Regional travel demand: A euphemism for unsustainable car trips
If your corporation profited by highway building or selling cars, how would you market the idea of spending billions of tax dollars annually to subsidize long distance commuting by car? How would you spin the idea to make speeding through neighborhoods more important than the neighborhoods themselves? How would you make it a public policy priority to add value to places far away while devaluing places closer in? How would you make motorists’ travel time more important than health, the environment, public safety, community cohesion, and place? Well, it’s easy. You would call it “regional travel demand.”
I once heard that “words and terms are the clothes that ideas wear.” Well, this term provides a clever disguise. “Demand,” borrowed from economic theory, implies that there is no choice. It is something important that society requires.

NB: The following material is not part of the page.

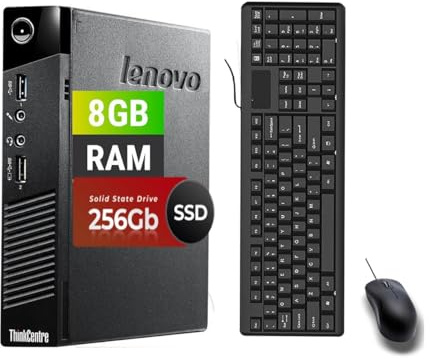 Lenovo ThinkCentre M93P Tiny PC de Bureau, Intel Core i5-4570T, 256GB SSD, 8GB RAM, Clavier QWERTY américain, Souris, USB WiFi, Windows 11 Pro(Reconditionné)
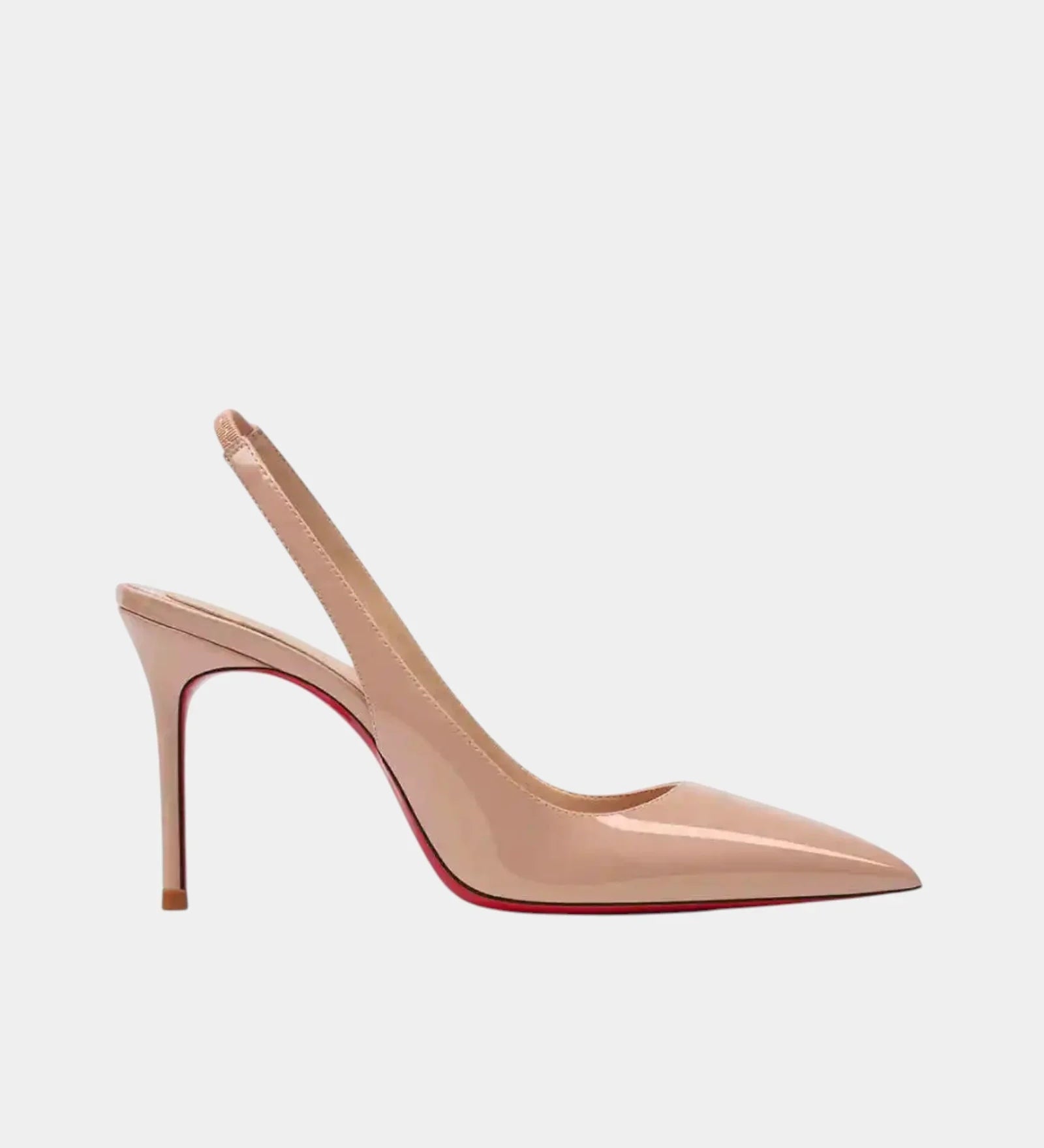 Shiny beige pointed-toe slingback heels with high stiletto heel and open back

“Regional travel demand” allows the automobile to remain anonymous. Yet, in far too many regions, especially in the US, “by car” is given. “Travel” was purposefully used instead, implying that the associated trips could be accomplished by any mode even though we know this is currently infeasible in most regions.
“Regional” effectively provides a smoke screen that hides what is actually important. The logic is simple; because the region is large, motorists need to drive long distances across the entire region routinely and easily. Hello! The litmus test for sound transportation policy in cities has always been, “does the change reward the short trip or the transit trip.” The fundamental purpose of cites is to minimize long-distance travel and concentrate the components of civic life in order to maximize social and economic exchange. The term “regional travel demand” creates a favorable policy attitude to promoting fast roads and long car trips that are anti-city.
It’s time for some language reform. How about “long-distance commuting by car”? Whatever the objective substitute becomes for “regional travel demand, ” it couldn’t happen soon enough to help policy-makers see it for what it is.